There are all sorts of little details that distinguish Perfectos from decade to decade (feel free to go down that rabbit hole on your own), but the two biggest delineations are these:
First, in the 1940s, Perfectos were given the model number 613, also know as the “One Star” due to the single star pin on each epaulet. By the 1950s, the jacket lost the stars and was issued a new model number, the 618, but remained unchanged otherwise.
Second, horsehide was the leather of choice up until the 1960s, when steerhide was introduced, followed by naked cowhide in the late 1970s. Has the quality of all the leathers decreased over the decades? Through the horsehide years, the quality remained relatively consistent, as it’s always been such a demanding/costly tanning process (see our exploration of shell cordovan here), but once that leather was swapped out, most agree that, decade by decade, the quality has deteriorated some. You can still get yourself a horsehide Perfecto from Schott, but it’s a special order item, with a special order price tag to match.
From it’s humble, half-a-saw-buck beginnings, the Perfecto has been shamelessly (and aggressively) ripped off by everyone from the Gap to Jean Paul Gaultier, and every price point in-between.
Pop-culturally, the right people naturally gravitated to the Perfecto (except for Michael Cera in the most recent season of Twin Peaks…oof), insuring that it never lost its appeal as the ultimate in conspicuously cool outerwear.
Some have lost the belt (both literally and figuratively), but by and large all the major style components will be found on Perfectos and Perfecto-inspired jackets today.
Perfecto Style Jackets Available Today
Schott Perfecto 618
Of course, Schott NYC still makes their version (and some silly looking take-offs as well), but if you’re wanting to stick to the classic details while upping the leather quality, you might be better off buying one from another maker. (If you wanted a pair of 501-style jeans, would you buy 501s? Me neither.)
The 618 Perfecto in steerhide is available for $740 at Schott.
The Real McCoy’s Buco J-22
The Real McCoy’s makes an amazing reproduction of the old Buco (Schott competitor/emulator) J-22 in horsehide (do they make anything that’s not amazing)?
Available for $2,357 at Superdenim.
Lewis Leathers Bronx Jacket
Lewis Leathers makes their Bronx Jacket No. 384, which is made in the UK and available for £830 (about $1,110 USD) on their site.
Himel Bros. Avro 1939
My personal favorite (I have expensive tastes) is the Himel Brothers Avro 1939 Japanese Horsehide jacket, which has a tapered belt, slightly larger lapels and is most certainly grounds for divorce. It’s available for $2,450 at Himel.
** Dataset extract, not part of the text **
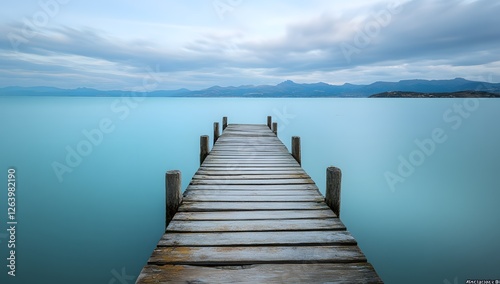 Peaceful wooden pier on tranquil lake, mountains in soft background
When it comes time to get your own “Perfecto,” I suggest following these two simple rules shared with me by a longtime friend/motorcyclist/owner of more leather jackets than seems reasonable: First, and especially if you plan to actually wear the motorcycle jackets while riding a motorcycle, get the best quality jacket (and helmet) you can, and then spend whatever money you have left on the bike. And second, buy the smallest size you can get into–you may think you want some breathing room, but you really don’t.
Other than that, you really can’t go wrong…except if you’re Michael Cera (because the new Twin Peaks was unsettling enough).